Your answer should be the lines of the listing that contain the word "Immunofluorescence".

→ **Record extracts**
════════════════════

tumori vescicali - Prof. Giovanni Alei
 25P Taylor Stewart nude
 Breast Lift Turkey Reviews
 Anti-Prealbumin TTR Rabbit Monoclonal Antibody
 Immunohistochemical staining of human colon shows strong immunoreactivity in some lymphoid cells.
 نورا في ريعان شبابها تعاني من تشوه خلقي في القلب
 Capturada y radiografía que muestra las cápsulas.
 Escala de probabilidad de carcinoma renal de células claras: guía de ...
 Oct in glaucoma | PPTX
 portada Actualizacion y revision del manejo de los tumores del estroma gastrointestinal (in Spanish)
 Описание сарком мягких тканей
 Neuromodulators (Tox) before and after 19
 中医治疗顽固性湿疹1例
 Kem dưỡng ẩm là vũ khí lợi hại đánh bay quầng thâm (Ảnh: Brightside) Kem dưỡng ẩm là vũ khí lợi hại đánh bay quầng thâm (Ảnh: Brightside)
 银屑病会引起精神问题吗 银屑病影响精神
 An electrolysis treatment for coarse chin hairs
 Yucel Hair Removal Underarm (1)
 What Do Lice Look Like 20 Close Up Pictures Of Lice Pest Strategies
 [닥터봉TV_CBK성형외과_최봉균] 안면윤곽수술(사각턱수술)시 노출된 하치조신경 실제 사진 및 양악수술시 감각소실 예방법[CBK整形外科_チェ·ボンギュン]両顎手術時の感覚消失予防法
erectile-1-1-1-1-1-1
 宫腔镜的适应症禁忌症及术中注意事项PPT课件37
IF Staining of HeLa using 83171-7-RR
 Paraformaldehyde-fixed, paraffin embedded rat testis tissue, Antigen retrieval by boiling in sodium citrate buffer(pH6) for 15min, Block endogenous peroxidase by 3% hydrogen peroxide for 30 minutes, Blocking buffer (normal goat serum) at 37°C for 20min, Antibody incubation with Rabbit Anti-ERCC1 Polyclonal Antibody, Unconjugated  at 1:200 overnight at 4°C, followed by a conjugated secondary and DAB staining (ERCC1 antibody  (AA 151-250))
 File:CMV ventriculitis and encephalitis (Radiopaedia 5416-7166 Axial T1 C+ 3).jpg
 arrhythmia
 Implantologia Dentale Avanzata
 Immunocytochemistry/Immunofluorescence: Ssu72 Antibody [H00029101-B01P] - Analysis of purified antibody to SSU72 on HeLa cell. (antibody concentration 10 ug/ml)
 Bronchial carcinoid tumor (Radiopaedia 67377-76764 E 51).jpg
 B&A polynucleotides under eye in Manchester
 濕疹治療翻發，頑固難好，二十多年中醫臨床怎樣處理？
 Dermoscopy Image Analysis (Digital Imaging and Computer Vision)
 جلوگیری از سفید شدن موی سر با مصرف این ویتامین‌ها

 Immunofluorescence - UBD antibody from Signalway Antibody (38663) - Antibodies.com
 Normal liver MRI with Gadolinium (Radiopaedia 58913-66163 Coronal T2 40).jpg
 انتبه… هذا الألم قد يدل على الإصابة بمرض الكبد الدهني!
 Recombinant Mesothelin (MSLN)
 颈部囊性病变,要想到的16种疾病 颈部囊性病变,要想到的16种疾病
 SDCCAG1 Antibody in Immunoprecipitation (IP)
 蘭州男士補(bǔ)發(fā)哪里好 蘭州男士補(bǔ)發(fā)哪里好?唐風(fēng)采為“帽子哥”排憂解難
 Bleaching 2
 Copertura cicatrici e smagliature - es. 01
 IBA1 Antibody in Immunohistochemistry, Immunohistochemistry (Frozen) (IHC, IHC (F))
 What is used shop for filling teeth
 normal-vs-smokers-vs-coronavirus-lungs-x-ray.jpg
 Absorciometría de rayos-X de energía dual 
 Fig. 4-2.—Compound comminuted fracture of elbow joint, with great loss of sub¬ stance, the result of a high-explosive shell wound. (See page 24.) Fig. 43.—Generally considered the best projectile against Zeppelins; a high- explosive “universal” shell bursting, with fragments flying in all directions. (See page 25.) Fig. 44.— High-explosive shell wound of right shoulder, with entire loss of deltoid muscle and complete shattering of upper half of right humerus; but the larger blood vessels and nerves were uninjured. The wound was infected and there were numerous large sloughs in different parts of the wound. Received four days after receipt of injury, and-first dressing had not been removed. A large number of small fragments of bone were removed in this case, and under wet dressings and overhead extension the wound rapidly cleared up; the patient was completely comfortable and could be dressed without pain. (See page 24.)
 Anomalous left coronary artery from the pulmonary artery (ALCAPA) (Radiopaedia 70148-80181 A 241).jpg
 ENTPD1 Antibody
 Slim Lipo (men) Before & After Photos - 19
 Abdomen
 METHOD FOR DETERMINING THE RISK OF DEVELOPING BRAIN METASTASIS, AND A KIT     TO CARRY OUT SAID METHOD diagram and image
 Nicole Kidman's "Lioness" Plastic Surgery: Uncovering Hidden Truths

════════════════════

→ **Your response**
 Immunocytochemistry/Immunofluorescence: Ssu72 Antibody [H00029101-B01P] - Analysis of purified antibody to SSU72 on HeLa cell. (antibody concentration 10 ug/ml)
 Immunofluorescence - UBD antibody from Signalway Antibody (38663) - Antibodies.com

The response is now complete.